Spoiled is just one of those nice "catch phrases" I found while developing so
I ran with it. Nothing bad.

------
Total_Meltdown
I stopped reading when I got to your "Comments" section:

> I don't comment every line of code, but I comment in large quantities.

Ok, I can relate to this.

> I am of the mind set that code [...]

You mean "mindset."

> [...] should speak for it self when you write proper names for what the
> variable or method actually does.

You mean "itself." Also, that's a really awkward way of saying "self-
documenting code."

> But comments are still needed outside of what I like to call Codese.

What?

> The language of coders.

This is a sentence fragment, and I know nothing more about what "Codese" is,
or why you call it that.

Proofread.
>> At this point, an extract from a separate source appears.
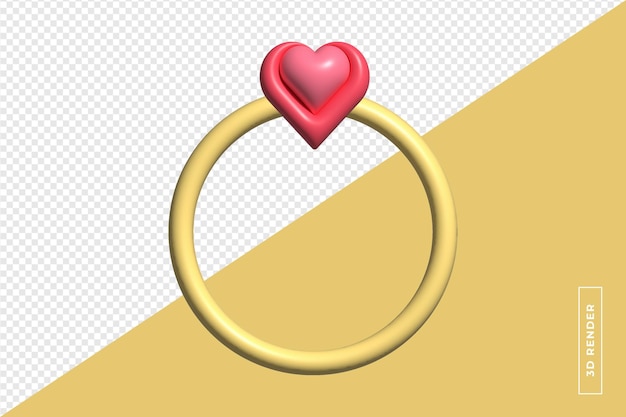 PSD cuore ring 3d rendering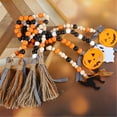 thumbnail image 3 of Halloween Wooden Beads Garland: Farmhouse Wood Bead Garland Hanging Bead Wood Bead Garland with Tassel Maple Leaves Pumpkin Bead for Halloween Party Thanksgiving Fall Harvest Decor, 3 of 3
Spellcheck. Read it aloud to yourself multiple times. Seriously.

------
synnik
I don't buy the skill set -- It is way too broad. Some of those skills must be
stronger than others. I have no way of knowing if you are a CSS wizard who
also does some C#, or if you spend 90% of your time doing GIS apps for iOS.
And I therefore would not even bother to call you because the resume says
nothing to me other than, "I think I can code."

------
steven_h
Rather than hoping for people to stumble across you, you should probably look
at a Who's hiring? post (<http://news.ycombinator.com/item?id=2503204>) and
Ctrl+F "remote".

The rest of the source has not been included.